Le ultime ricerche confermano che questa minaccia è in crescita: Gartner, già nel 2021, aveva previsto che entro il 2025 quasi la metà delle organizzazioni avrebbe subito un attacco alla supply chain software. I dati più recenti, contenuti nello ‘IO’s 2025 State of Information Security Report’, mostrano che la realtà ha superato le previsioni: il 61% delle aziende ha registrato una violazione della supply chain negli ultimi dodici mesi, e un terzo di questi incidenti ha comportato interruzioni operative o perdite finanziarie.
L’esempio Jaguar Land Rover
La cronaca recente ha reso evidente quanto il rischio sia concreto. A fine agosto 2025 la produzione di Jaguar Land Rover si è fermata non per mancanza di componenti o problemi logistici, ma a causa di una violazione informatica.
Un singolo attacco ha paralizzato una filiera industriale di rilevanza globale, dimostrando come la cybersecurity sia ormai un fattore critico per la continuità operativa delle aziende, a prescindere dalla loro dimensione. Poche settimane dopo, un altro episodio ha colpito gli aeroporti europei, quando il software MUSE di Collins Aerospace è stato compromesso, causando disagi diffusi.
Questi casi mostrano che gli attacchi non sono più ipotesi astratte, ma eventi capaci di generare danni immediati e tangibili.
Minacce esterne: fornitori e “island hopping”
Gli aggressori hanno imparato a sfruttare i fornitori più piccoli come anelli deboli della catena.

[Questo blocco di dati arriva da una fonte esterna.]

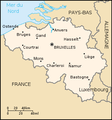 主要城市分布图（法语城市名）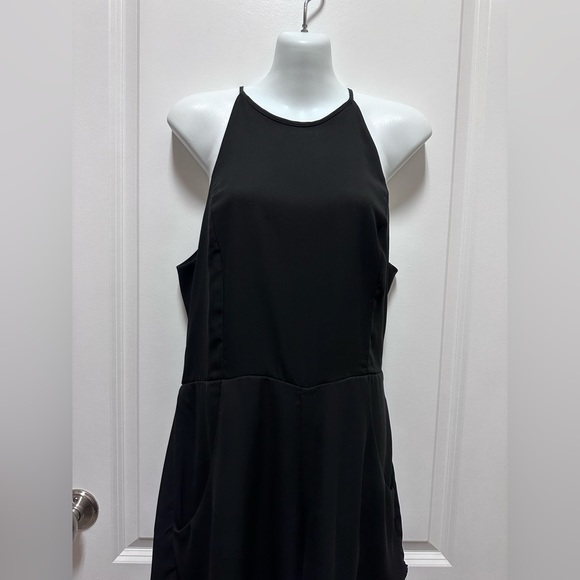 Aqua Pants - Little Black Romper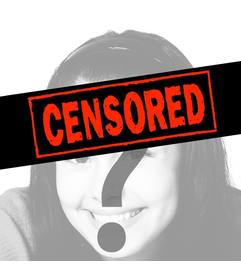 Coloque a etiqueta censurado suas fotos online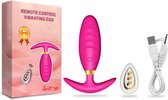 TipsToys Anaal Buttplug Wearable Vibrators voor Vrouwen met Draadloze Afstandsbediening Anale Prostaat Massager Sex Toys | Kleur Roze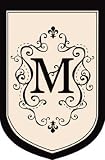  : Monogram Garden Flag - M.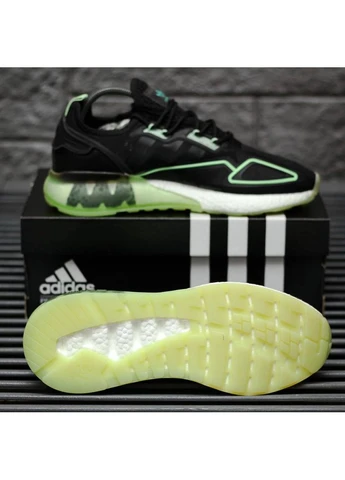 Білі літні кросівки adidas zx 2k boost black green white адідас зх 22 No Brand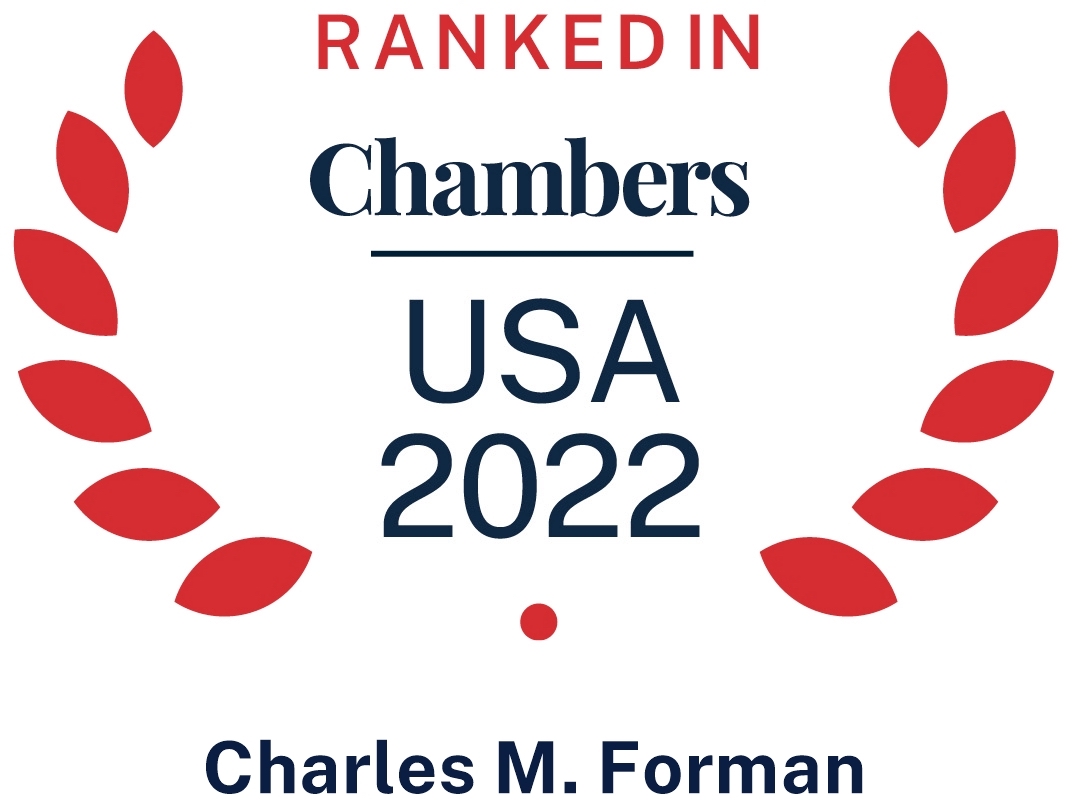 Charles M. Forman Recognized By Chambers and Partners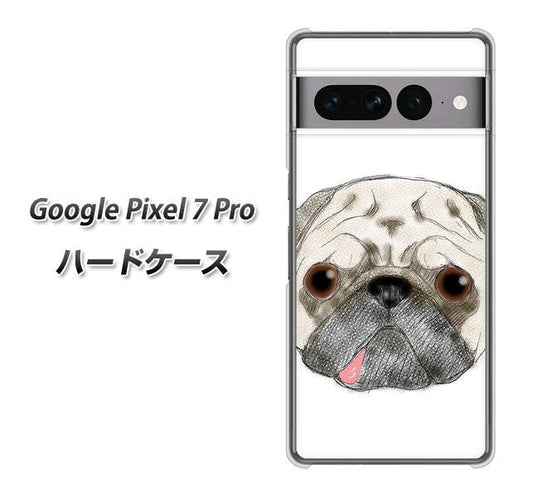 Google Pixel 7 Pro 高画質仕上げ 背面印刷 ハードケース【YD855 パグ01】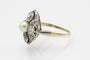 Bague 50 Bague en or jaune, platine, diamants et perle de culture 58 Facettes 11020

Gli attacchi che avvengono attraverso fornitori di servizi esterni, come può esserlo uno di marketing, è un esempio di “island hopping”: penetrare le difese di un partner meno protetto per accedere a reti più grandi e sicure. Secondo le ricerche, sei leader della sicurezza su dieci descrivono i rischi provenienti da terze parti come “innumerevoli e ingestibili”. La dipendenza da software embedded, API obsolete e server di trasferimento file non sicuri fa il resto, amplificando la superficie d’attacco.

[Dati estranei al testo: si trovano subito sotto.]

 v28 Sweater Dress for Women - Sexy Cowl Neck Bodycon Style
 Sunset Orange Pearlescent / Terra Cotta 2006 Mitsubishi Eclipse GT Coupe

Minacce interne: fiducia e impreparazione
Non meno rilevanti sono i fattori interni. Molte organizzazioni mostrano eccessiva fiducia nelle proprie capacità di risposta, basata su investimenti passati e piani applicati solo dal punto di vista formale.
Tuttavia, la fiducia non coincide sempre con la reale prontezza nel reagire. La mancanza di visibilità sui flussi di dati, la frammentazione dei sistemi e l’inerzia di infrastrutture legacy rendono difficile individuare e contenere gli attacchi. Inoltre, la supply chain viene spesso percepita come minaccia secondaria: solo il 23% degli interpellati da un recente sondaggio l’ha classificata tra i rischi emergenti prioritari, dietro a phishing, disinformazione e uso improprio dell’IA. Questo scollamento tra percezione e realtà è uno dei pericoli più insidiosi.

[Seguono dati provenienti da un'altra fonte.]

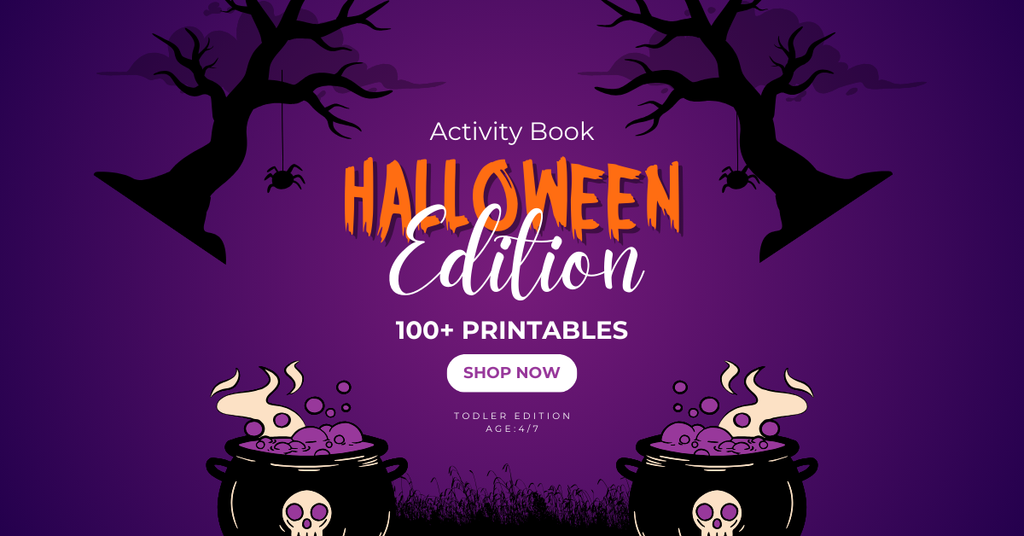 Halloween Activity Book 100+ Printables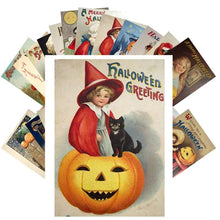 Load image into Gallery viewer, Vintage Halloween Postcard (24 pcs)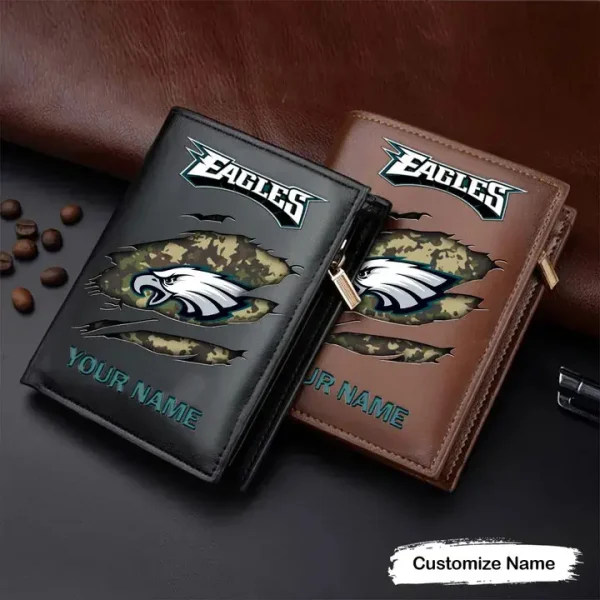 Philadelphia Eagles Leather Vertical Wallet SPTLVW085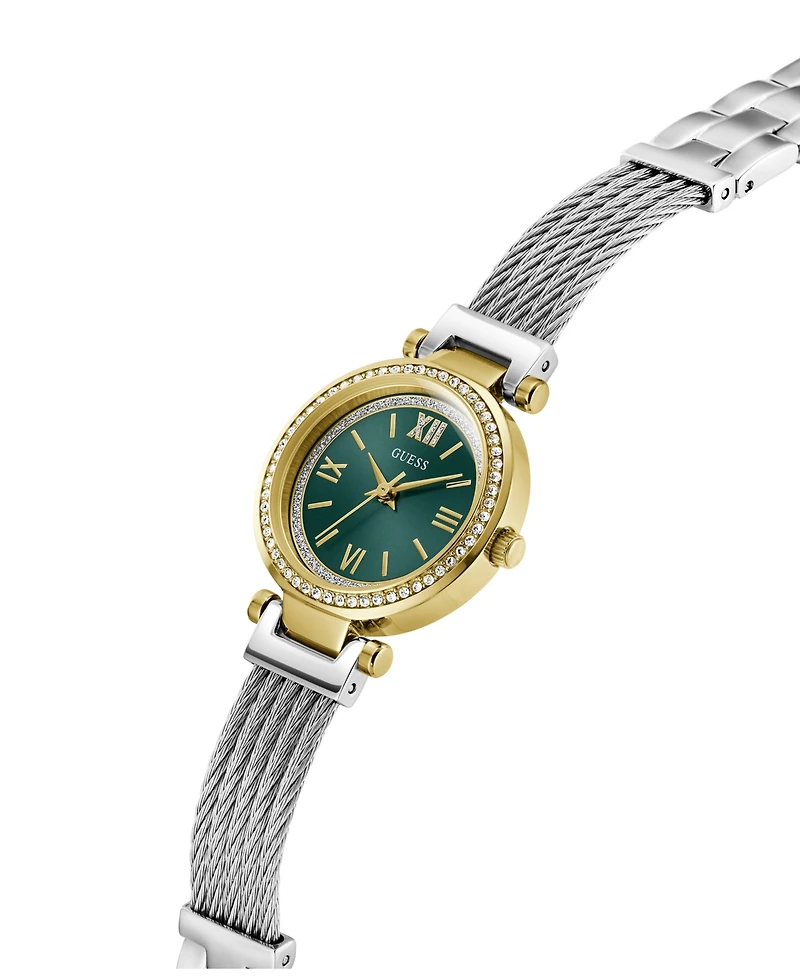 Guess Women's Two-Tone Stainless Steel Analog Watch, 27mm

Verso una resilienza condivisa
La lezione è chiara: la cybersecurity della supply chain non può essere trattata come un semplice adempimento di compliance, ma deve diventare una priorità strategica. Servono accordi contrattuali che definiscano responsabilità e controlli di sicurezza, audit continui sui fornitori e un rafforzamento delle difese interne.
Il governo britannico, attraverso MI5 e NCSC, ha già riconosciuto la portata nazionale del problema, ma la responsabilità ultima ricade sulle imprese. Solo un approccio integrato, che unisca consapevolezza, investimenti e collaborazione tra partner, può ridurre il divario tra fiducia dichiarata e reale capacità di resistenza.